Questi, a mio avviso, i temi urgenti (e coerenti) su cui Pannella si è tenacemente tenuto stretto e cui il Congresso dovrà dare una risposta. Non sarà facile né automatico che ciò accada, soprattutto per l’opposizione che si è coagulata attorno alla sigla di Radicali Italiani, un nucleo di forte resistenza e rifiuto di queste priorità. C’è in loro un abbagliamento, una sorta di cecità che nasconde, nega alla radice le tematiche che furono care a Pannella. Si guarda piuttosto, con malcelata invidia, alle esperienze grilline portatrici, ad avviso di questi contestatori, di successi numerici ed elettorali.

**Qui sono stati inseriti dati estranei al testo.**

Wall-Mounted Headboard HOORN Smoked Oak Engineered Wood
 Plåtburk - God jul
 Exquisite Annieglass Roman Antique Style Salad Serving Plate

Per colpire l’eredità di Pannella si invoca il ritorno ad una normalità statutaria che cela la volontà di una “normalizzazione” politica ed ideale.

La decisione di tenere il Congresso - dopo anni di forzata e sofferta “messa in mora” del dettato statutario che prevede un congresso a scadenza fissa - è stata resa possibile grazie ad una iniziativa che lo Statuto comunque prevede, la raccolta delle firme necessarie per la tenuta del Congresso da parte di un terzo degli iscritti al Partito da almeno sei mesi. È stata una decisione difficile, contestata a lungo da Radicali Italiani che aveva invece caldeggiato la via di una assemblea con potestà deliberative del “Senato” del Partito, un organismo dalla vita inconsistente come molte delle norme statutarie, vittime di una lunga stagnazione del Partito. Dopo una lunga opposizione, Radicali Italiani ha finalmente preso atto, con la mozione votata nell’ultimo Comitato nazionale (svoltosi a Roma nei giorni scorsi) della legalità della convocazione. Dunque il Congresso si terrà – a meno di ripensamenti, di pressioni o di colpi di mano – nel carcere romano. Lì, sgomberato il campo da questi capziosi incidenti procedurali, si vedrà chi vuole davvero proseguire una lotta politica iniziata mezzo secolo fa in nome del “diritto alla vita” e alla “vita del diritto”. Penso di conoscere abbastanza questo lungo cammino. C’ero dall’inizio.